Young shot a skeptical look at the nearest pile of T-shirts, hesitating. “Sir, while I have you on the line: my neighbor mentioned he’s gonna need an off-world trip to crack the next cypher.”


“I’m assuming your response to that was laughter,” Landry growled.


Sometimes it was difficult to tell whether the general was being sarcastic or not. “Uh, he says he needs a DHD.”


“Have him write up a detailed protocol for what he wants done,” Landry replied. “I’ll send Carter to do whatever—wait. No. Can’t send Carter. I’ll send—someone.”


“I think he’s gonna tell you he needs to go,” Young said.


“And I’m sure he thinks that.”


Young stayed quiet.


Landry sighed. “Have him write it up. Have him include a rationale for his personal involvement, and submit the request to Carter. If she agrees there’s no one else for the job, I’ll authorize a trip to the alpha site for three hours. Not one second more.”

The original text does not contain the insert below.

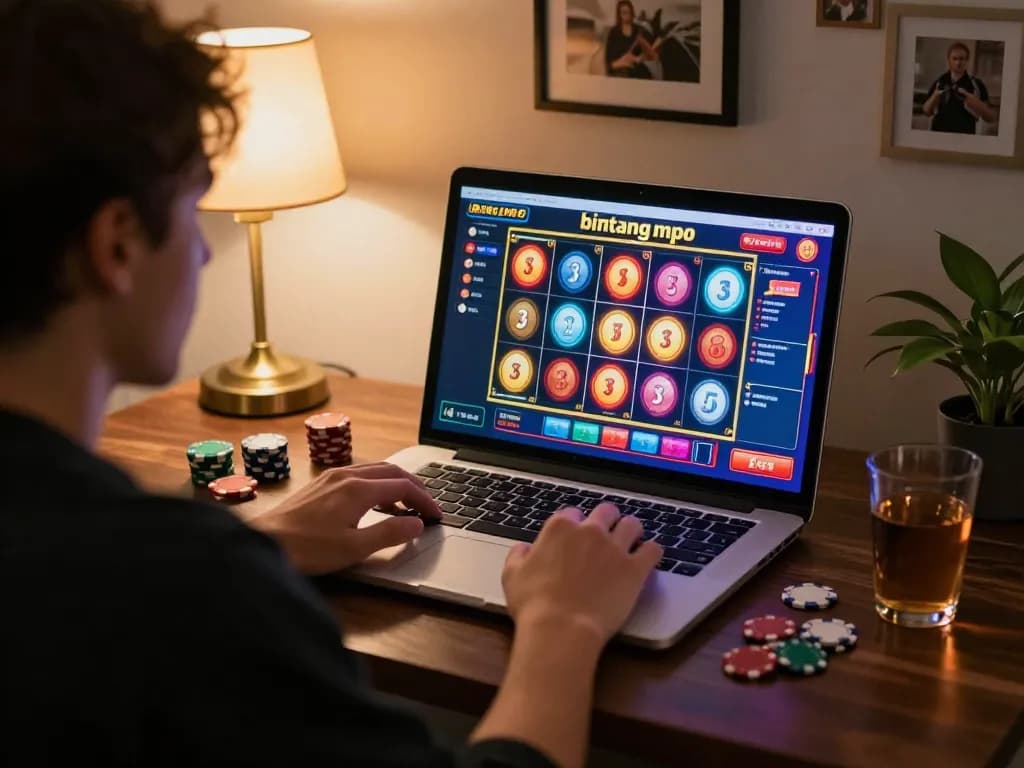 Pemain Bintangmpo terlibat dalam slot online dikelilingi oleh chip dan minuman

Young grimaced at his half-empty closet. “He may end up breaking the DHD of whatever planet he gates to.”


“You’re pulling my leg.”


“No sir.”


“So we end up resourcing a Daedalus-class ship for this??”


“Yes sir.”


Landry sighed. “I’ll say this much for him: at least he told us he’d break the damn thing ahead of time. But no. There’s no way we risk putting him on a ship.”


“That’s what I figured you’d say,” Young replied, “but he seems pretty certain he’s gonna need this for the next cypher.”


The line was silent.


“We just find someone else who can do what he can do,” Young said mildly.


Landry’s silence took on an unimpressed quality.


He’d probably pushed a little too far.


“If,” Landry growled, “if I figure out a secure option—can he handle the field? Two out of three times he sets foot on the base he ends up forced into James MacKenzie’s office and handed a V22. I want your honest assessment on this one, colonel.”


“He’s less reliable than your outta the box science genius,” Young admitted. “I don’t think you could send him with just any gate team.”


“I’ll think about it,” Landry said. “In the meantime, have him get his request to Carter. He’s going nowhere unless she agrees it’s necessary.”


“I’ll let him know.”


“See you Monday, colonel.”


“Yes sir.” Young ended the call and sighed, staring at his phone.


He wished he was in better shape. Healed up enough to escort the ridiculous mathematician down the hall on his first trip through the stargate. Healed up enough to unpack his apartment without help. Healed up enough to do his damned job.


He pressed his hand into his lower back and stared into space, trying to think of nothing. Trying not to think of David: an organic smear across space or screaming his throat raw as they tortured him. Maybe to death. Trying not to think of Jackson, and the subtle fear in the perpetual hunch of his shoulders. Trying not to think of the hardness that crept into Mitchell’s voice. Of the way Vala’s hands had stilled, assembling his lamp. Of Rush, hearing that continuous tone.


It would be all right.

 

There was no point in trying to figure out everything at once.


He pulled the next shirt out of his box, shook it out, and hung it in the closet.